La proteina di resistenza del cancro al seno (BCRP) è un membro delle proteine trasportatrici ATP-binding cassette (ABC) la cui funzione primaria è di effluire substrati legati alla membrana plasmatica. Le funzioni della barriera intestinale compromesse giocano un ruolo importante nell’obesità associata all’infiammazione cronica di basso grado (CLGI), ma la regolazione di BCRP durante l’obesità e il suo ruolo nel mantenere la funzione della barriera intestinale durante l’obesità associata a CLGI erano sconosciuti.
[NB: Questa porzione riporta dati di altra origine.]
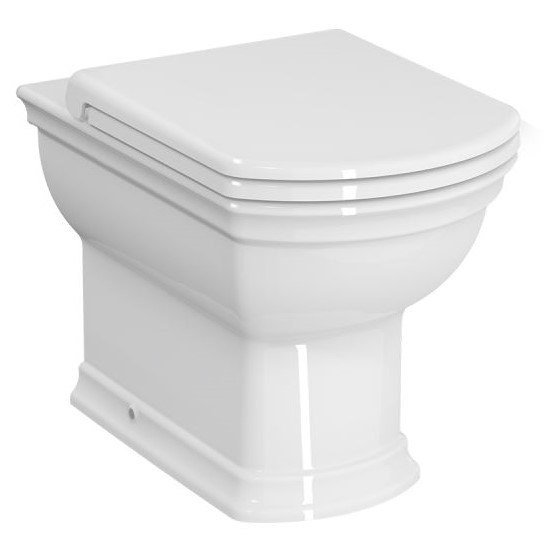 Serenada Floor-Standing WC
Utilizzando diversi approcci, tra cui saggi di efflusso, immunoprecipitazione/blotting/istochimica, saggio di permeabilità paracellulare, selezione cellulare attivata da fluorescenza, saggio delle citochine e microscopia a immunofluorescenza, studi recenti suggeriscono che gli individui obesi hanno funzioni BCRP intestinali compromesse e che i topi obesi indotti dalla dieta ricapitolano questi risultati. È stato anche dimostrato che le funzioni BCRP compromesse durante l’obesità sono dovute alla perdita della fosforilazione della tirosina mediata da Janus kinase 3 (JAK3) di BCRP. I risultati degli studi hanno indicato che la fosforilazione mediata da JAK3 di BCRP promuove le sue interazioni con la β-catenina localizzata in membrana, essenziale non solo per l’espressione e la localizzazione superficiale di BCRP, ma anche per il mantenimento dell’efflusso di farmaci intestinali mediato da BCRP e delle funzioni di barriera. È stato osservato che la ridotta espressione intestinale di JAK3 durante l’obesità umana o il knockout di JAK3 nel topo o il knockdown di β-catenina mediato da siRNA nelle cellule epiteliali intestinali umane, risultano tutti in una perdita significativa dell’espressione intestinale di BCRP e nel compromesso dell’efflusso di farmaci e delle funzioni di barriera del colon. Questi risultati scoprono un meccanismo di BCRP-mediata efflusso di droga intestinale e funzioni di barriera e stabilire un ruolo per BCRP nella prevenzione CLGI-associata obesità sia negli esseri umani e nei topi. Questi studi hanno implicazioni più ampie non solo nella nostra comprensione dei meccanismi fisiologici e fisiopatologici delle funzioni di barriera intestinale e delle malattie infiammatorie croniche associate a CLGI, ma anche nelle caratteristiche farmacocinetiche e farmacodinamiche di formulazioni di farmaci orali mediate da proteine.